As Kieran “says”:https://crookedtimber.org/2005/08/21/why-does-chuck-hagel-hate-america/, Chuck Hagel is now talking bluntly about the Iraq quagmire. But as Matt Yglesias has noted many times, prominent Republican legislators who are unhappy about administration policy have been all talk and no action. What could Republican dissenters in the Senate be doing? Let’s ask “Hagel himself”:http://www.worldaffairscouncils.org/Conference2005/Speech%20Text%20Sen%20Hagel.rtf :

bq. More than thirty years ago, the former Chairman of the Senate Foreign Relations Committee, J. William Fulbright, held hearings on Vietnam that raised critical questions about U.S. policy. Fulbright received criticism for holding public hearings on Vietnam, especially with a President of his own party in office. Fulbright later wrote that he held those hearings, “in the hope of helping to shape a true consensus in the long run, even at the cost of dispelling the image of a false one in the short run.” Today we must not be party to a false consensus on Iraq or any other foreign policy issue.

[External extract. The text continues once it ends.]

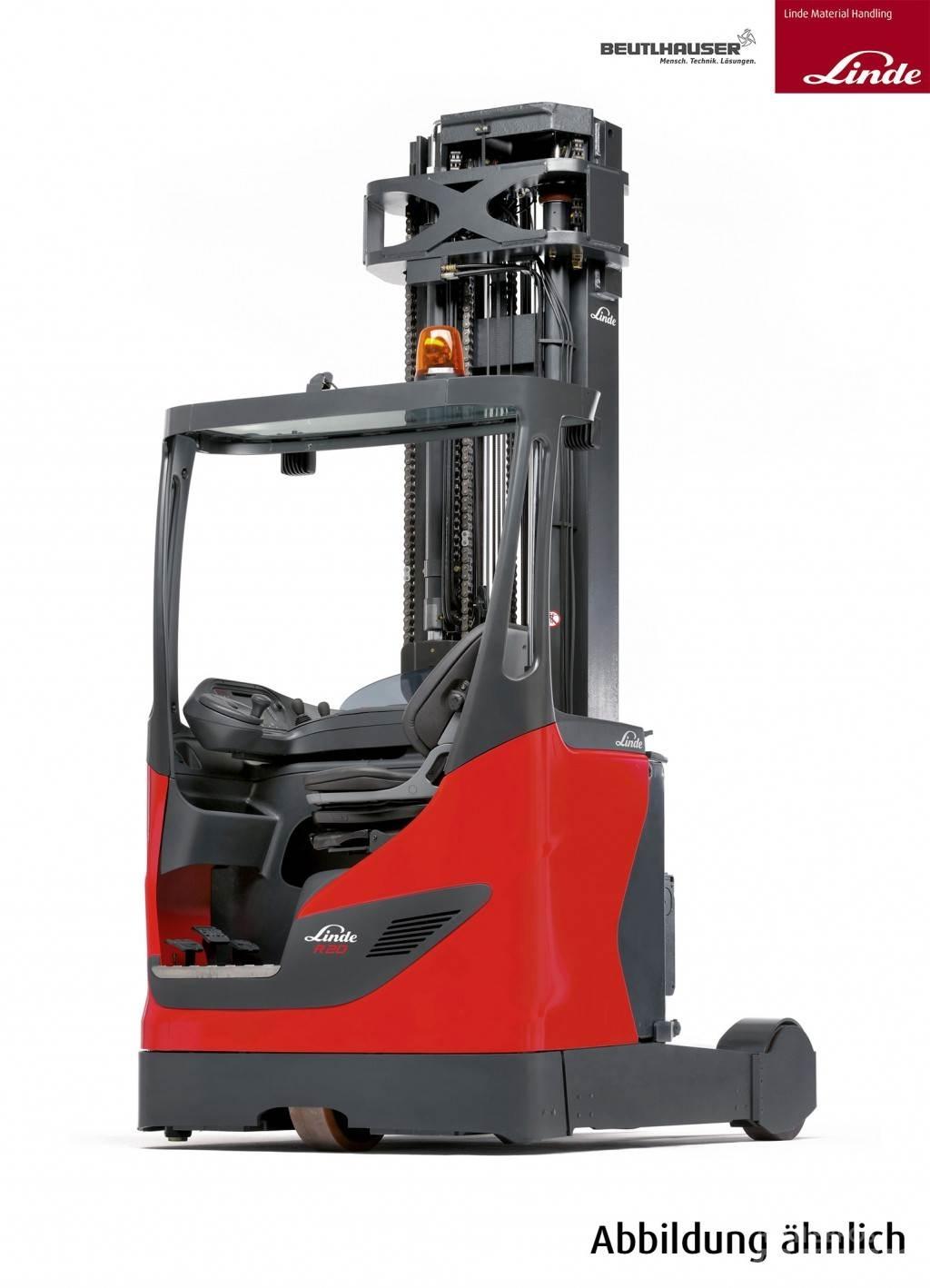 Linde R20 Carrello retrattile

Hagel drew this analogy back in January of this year; he hasn’t done much about it since. While he and his colleagues have asked a few sharpish questions of generals and others, they haven’t cared to demand the kind of “concerted examination”:http://en.wikipedia.org/wiki/Fulbright_Hearing of the conduct of the war (and whether the US should withdraw) that Fulbright instigated. Hagel is an influential member of the Senate’s Foreign Relations Committee; if he demanded proper hearings it could have consequences. Time for him to put up, or shut up.

Update: “Mark Leon Goldberg”:http://www.prospect.org/weblog/archives/2005/08/index.html#007465 has similar thoughts.

Update 2: modified slightly following comments.